How long have you been lifting?  


http://www.martialtalk.com/forum/showthread.php?t=19168


----------



## CMack11 (Apr 28, 2005)

You can try a hot-and-cold interval shower after you workout.  Start really hot, then switch to cold, and keep doing that for a while.  I don't know the science behind it, but it works for me.

Also, are you lifting the same muscle groups after your 1 day rest?  You really shouldn't be lifting with the same muscle groups with that little rest in-between.


----------



## SMP (Apr 28, 2005)

Everyone has different recovery times.
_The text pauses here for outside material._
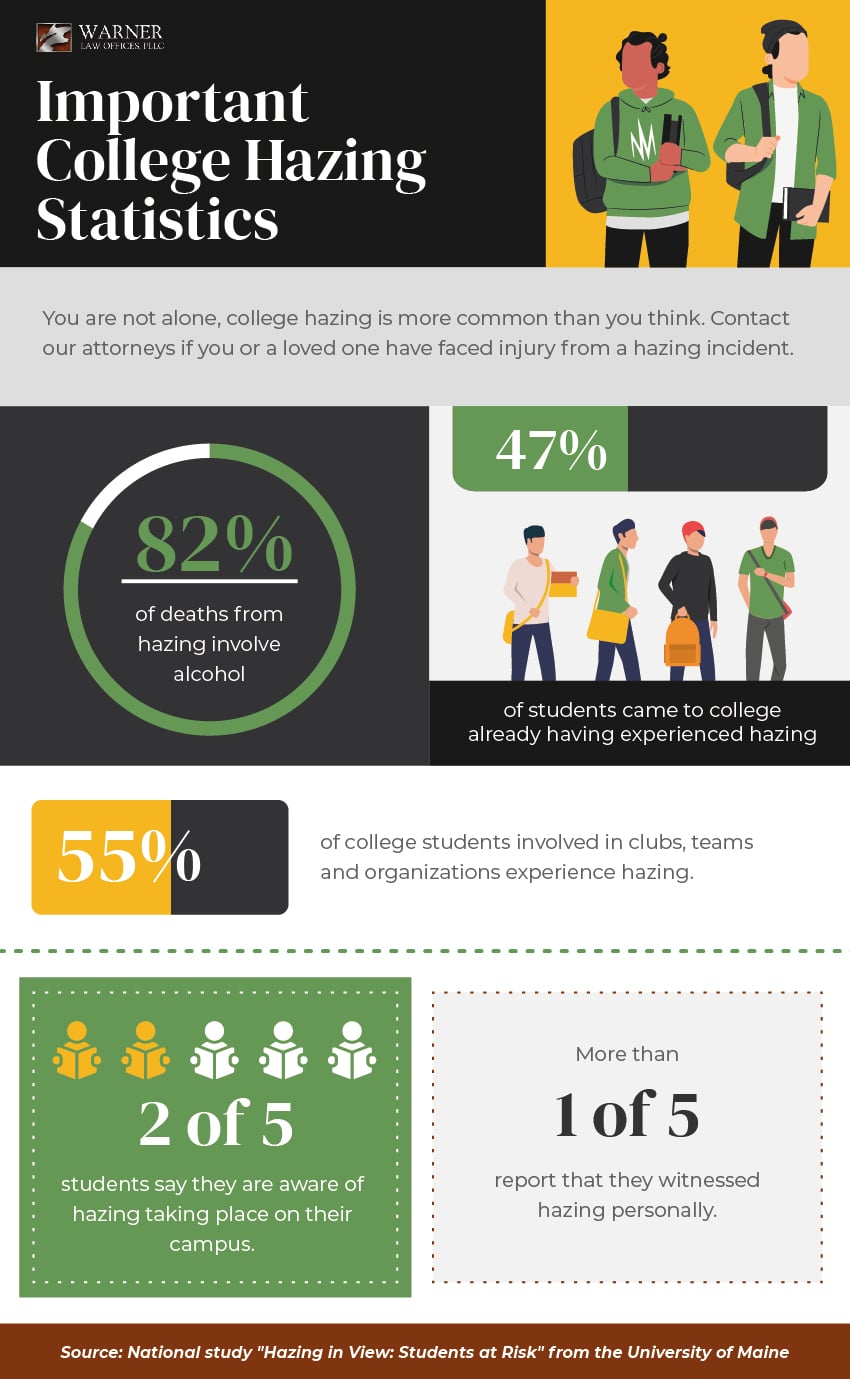 Infographic showcasing Important College Hazing Statistics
You can continue to train your body this way and it will adapt.


----------



## Rahde (Apr 28, 2005)

I've been lifting for about 2 months now.

I am working out the same muscle groups but I thought that was ok if I wait 48 hours before doing it again?


----------



## CMack11 (Apr 28, 2005)

Rahde said:
			
		

> I've been lifting for about 2 months now.
> 
> I am working out the same muscle groups but I thought that was ok if I wait 48 hours before doing it again?


I'm pretty sure you need to wait longer than 48 hours.  Usually most personal trainer types recommend anywhere from 4-7 days rest for a certain muscle group.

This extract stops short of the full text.